There has been mention among the comments on other articles here of US Patent 6,630,507 held by U.S. Department of Health and Human Services, filed in 2001, based on research funded by NIHthat claims a wide range of medical benefits from cannabinoids as antioxidants and neuroprotectants.

In the introductory abstract of the patent is the language, "useful in the treatment and prophylaxis of wide variety of oxidation associated diseases, such as ischemic, age-related, inflammatory and autoimmune diseases. The cannabinoids are found to have particular application as neuroprotectants, for example in limiting neurological damage following ischemic insults, such as stroke and trauma, or in the treatment of neurodegenerative diseases, such as Alzheimer's disease, Parkinson's disease and HIV dementia." 

I trust this is included in the recent challenge of scheduling to be heard October 16.
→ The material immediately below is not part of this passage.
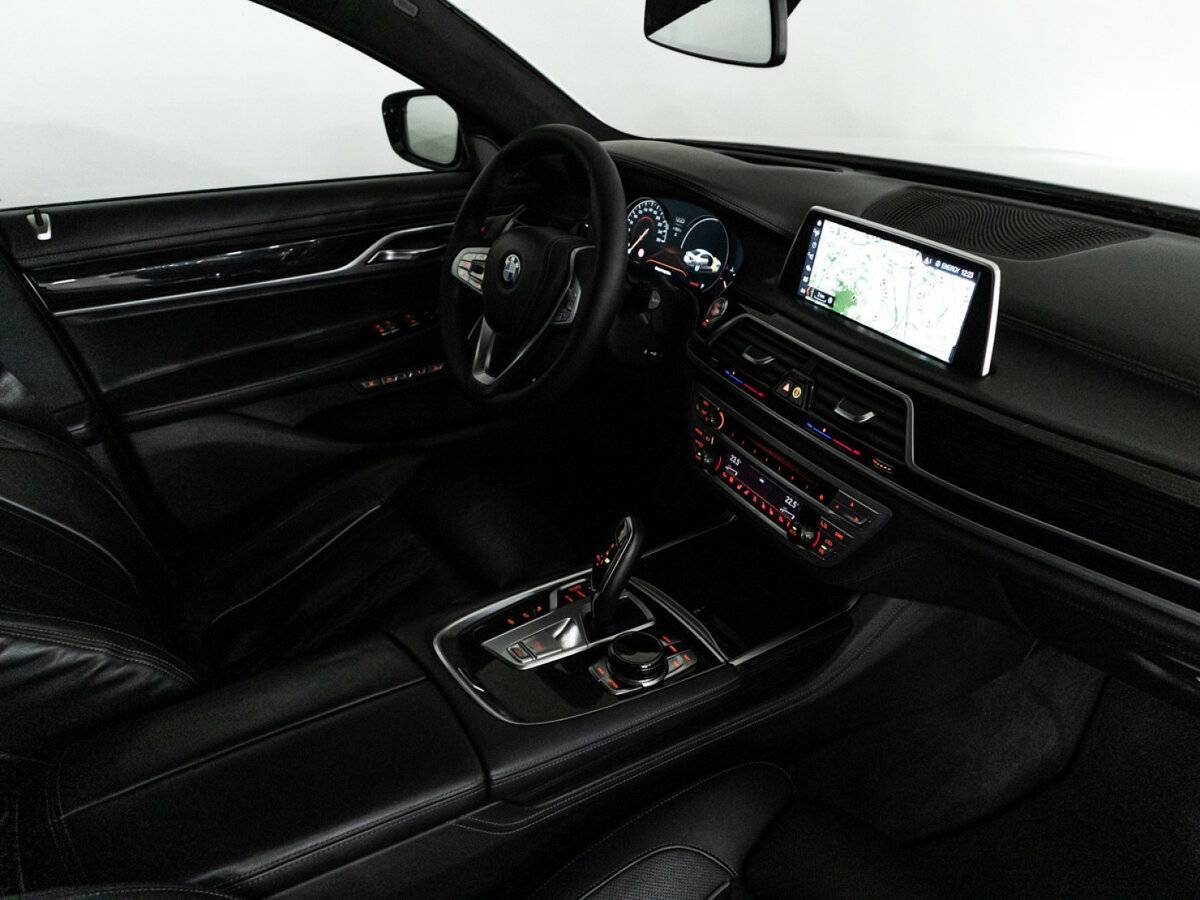 Купить BMW 7 серии с пробегом. Фото: #32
Thu, 08/02/2012 - 10:44pm Permalink

I just have to say, whether it's for cannabis or gadgets, the USPTO has no business issuing patents to the US gov't.  It serves no purpose related to encouragement of invention.  If anything, it discourages it.  However, it not being illegal -- probably because noboddy foresaw gov't itself would apply for patents, so the statutes don't outlaw it -- there it is.  So for a period of time, the US gov't can prevent anyone from using this technology, or they can license it to whomever they want.  Whoopee.

Thu, 08/02/2012 - 11:59pm Permalink
William Tucker (not verified)

 farmers could increase their income by 20%, and by reading Jack Herer's book

'The Emperor wears no clothes"

Everyone will see how we can easily create 10 million jobs easlly in privatesector manufacturing

Sat, 09/08/2012 - 2:48pm Permalink
KJ (not verified)

Only candidate will make this happen Gary Johnson.  Vote this year and see the greatness begin.